Une fois qu’il fut résolu que la copie serait de même grandeur que l’original, Bossi, qui s’était chargé du travail, nous paraît excusable de s’être arrêté à la copie de Vespino. L’ancienne copie de Castellazzo, à laquelle on reconnaît justement de grands avantages, est notablement plus petite que l’original. Si l’artiste avait voulu s’en servir exclusivement, il aurait dû agrandir les corps et les têtes, trr.vail inimaginable, le dernier surtout, comme le savent fort bien tous les connaisseurs.

On a reconnu depuis longtemps qu’il n’appartient qu’aux plus grands maîtres de peindre dans des proportions colossales la figure humaine. Le corps humain, et surtout le visage, est réduit, d’après les lois de la nature à une certaine dimension, qu’il ne doit pas excéder, pour paraître régulier, caractéristique, beau, spirituel. Essayons de nous regarder dans un miroir concave, et nous serons effrayés de l’objet uniforme, inanimé, inculte, qui s’offre à nous comme une tête de Méduse. Il arrive quelque chose de pareil à l’artiste sous les mains duquel doit se former un visage énorme. Un tableau s’anime par le détail : or, pour représenter le détail, il faut descendre aux particularités ; mais où les trouver, quand les parties se développent et se généralisent ?

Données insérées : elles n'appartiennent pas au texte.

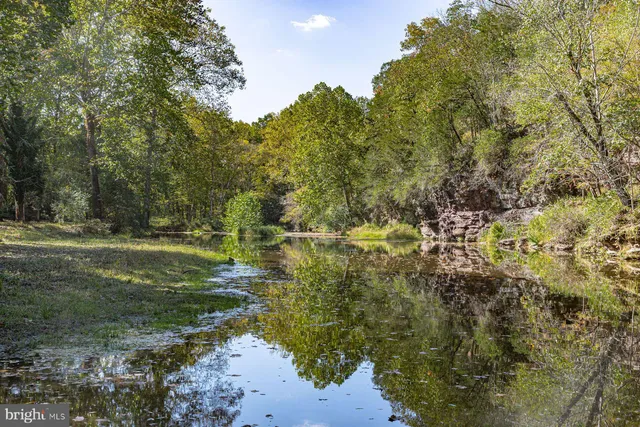 a view of a field with trees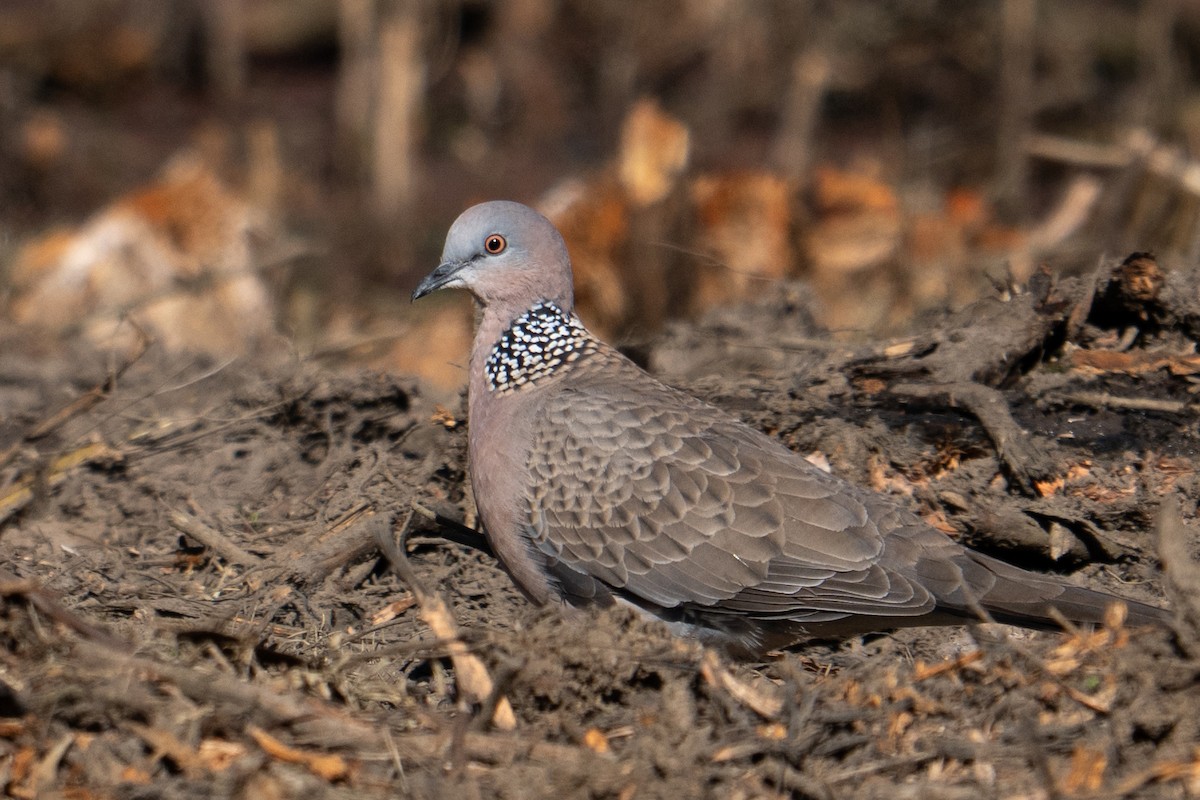 perlekragedue - ML643127273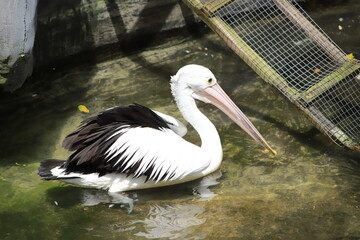 pelican on a rock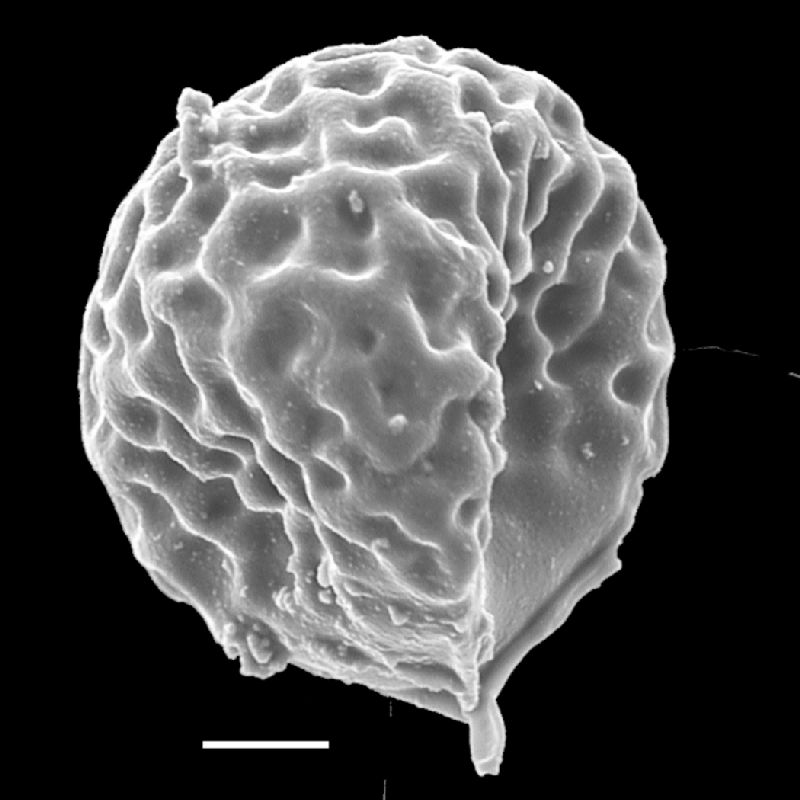 Anemiaceae Anemia cicutaria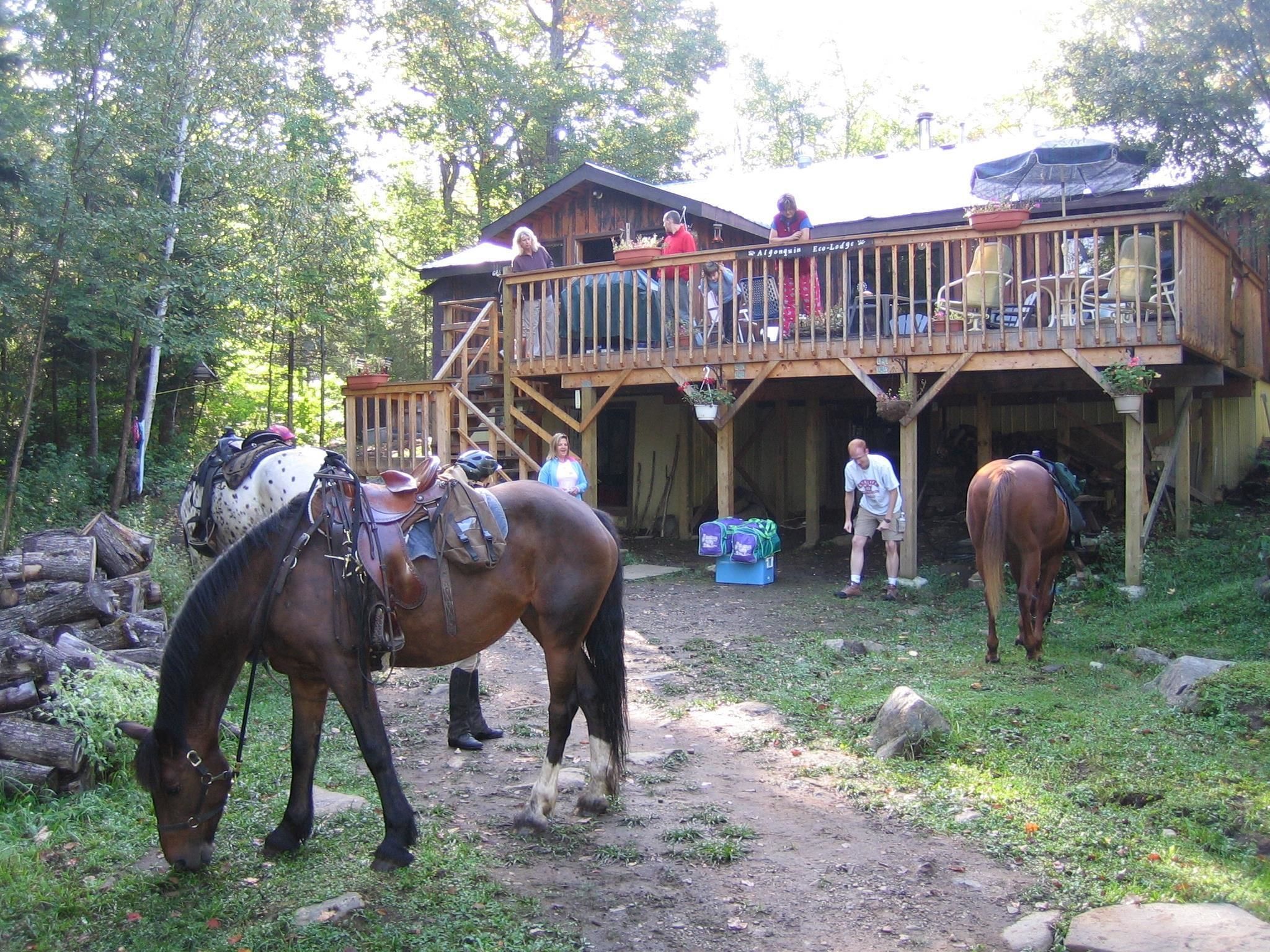 Un chalet rustique doté d’une terrasse en bois et d’un espace salon extérieur abrité.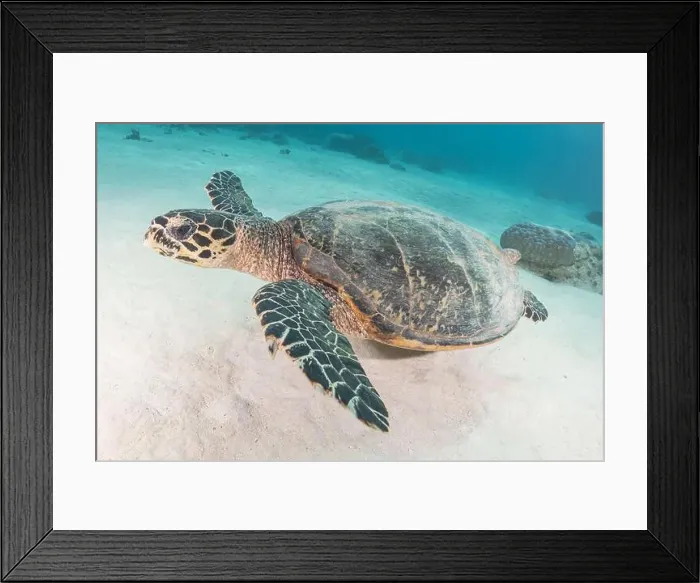 Framed Print : Hawksbill sea turtle at the Tubbataha Reefs national park Philippines Framed Print : Hawksbill sea turtle at the Tubbataha Reefs national park Philippines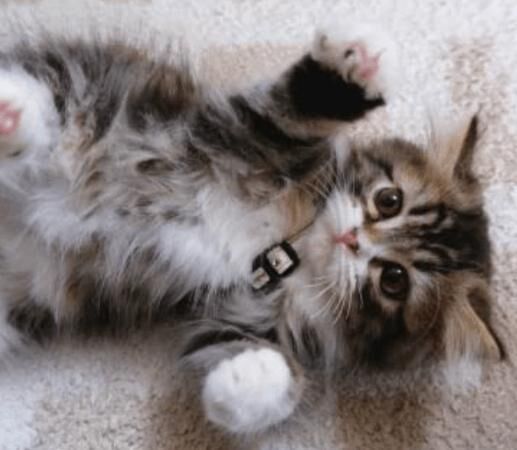 出勤&#128049;&#129782;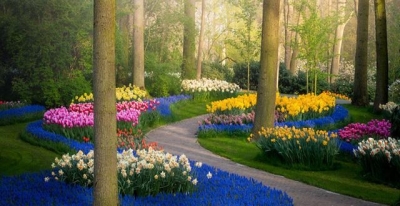 Tranh 3D- Tranh gạch vườn hoa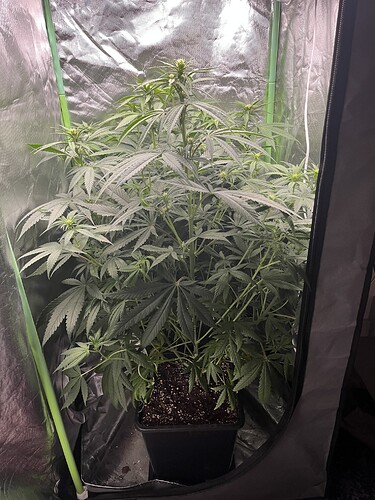 Growreport Bild 1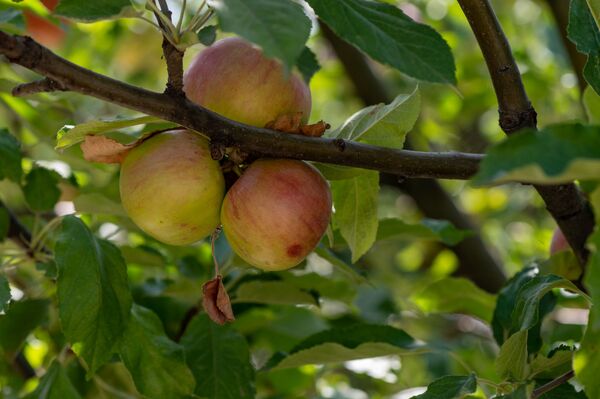 Что происходит с организмом, когда мы едим яблоки? - Sputnik Армения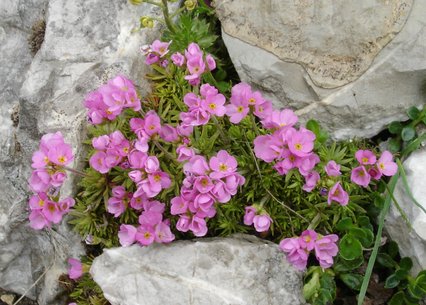 Androsace carnea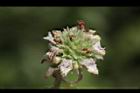 頭香花苦草-花36.JPG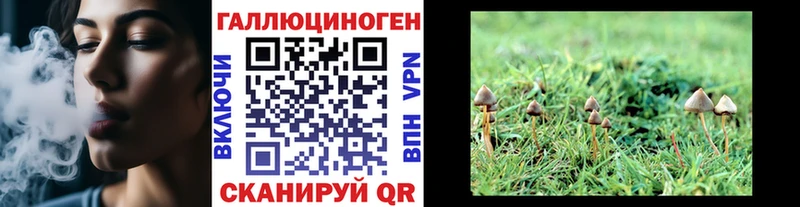hydra ссылки  купить закладку  Горбатов  Псилоцибиновые грибы мицелий 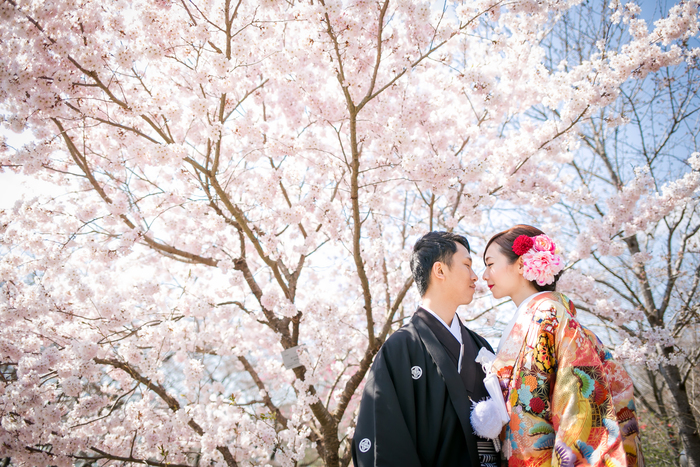 Sakura in Kyoto botanical garden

Nous ne pouvons plus juger du haut degré de fini que Léonard avait donné à ses têtes. Dans celles de Vespino, que nous avons sous les yeux, quelques éloges et quelque reconnaissance que nous devions à son travail, on sent un certain vide, qui délaye sous l’enflure le caractère qu’on a voulu exprimer. Cependant elles sont imposantes par la grandeur, assez hardiment exécutées, et elles doivent produire de loin un assez grand effet. Bossi les trouvait devant lui ; le travail de l’agrandissement, qu’il aurait dû entreprendre à ses risques et périls d’après ses petites copies, ce travail était fait : pourquoi ne s’en serait-il pas contenté ? En homme d’un caractère vif, il s’était décidé pour ce qu’il avait devant lui ; il avait rejeté complétement ce qui se trouvait à côté ou qui lui faisait obstacle : de là son injustice envers la copie de Castellazzo et sa ferme confiance dans les principes qu’il s’était faits d’après les ouvrages et les écrits du maître. Là-dessus il entra publiquement en lutte avec le comte Verri, et en désaccord, sinon en mésintelligence, avec ses meilleurs amis.

UN COUP D’OEIL SUR LÉONARD DE VINCI.

Avant d’aller plus loin, nous avons à dire quelques mots sur la personne et les talents de Léonard. Les dons variés que lui avait faits la nature se concentraient principalement dans l’œil : de là vient qu’élant capable de tout, il se montra surtout un grand peintre. D’une taille belle et régulière, il semblait un modèle de la figure humaine, et, comme la force compréhensive et la clarté de l’œil se rapportent tout particulièrement à l’intelligence, la clarté et l’intelligence étaient éminemment propres à notre artiste. Il ne se reposait pas sur l’impulsion secrète de son talent naturel, inestimable ; il ne se permettait pas un coup de pinceau arbitraire, accidentel : tout devait être médité deux fois et trois fois. De la proportion pure et constatée jusqu’aux monstres les plus étranges, formés d’un assemblage d’imaginations contradictoires, tout devait être à la fois naturel et rationnel.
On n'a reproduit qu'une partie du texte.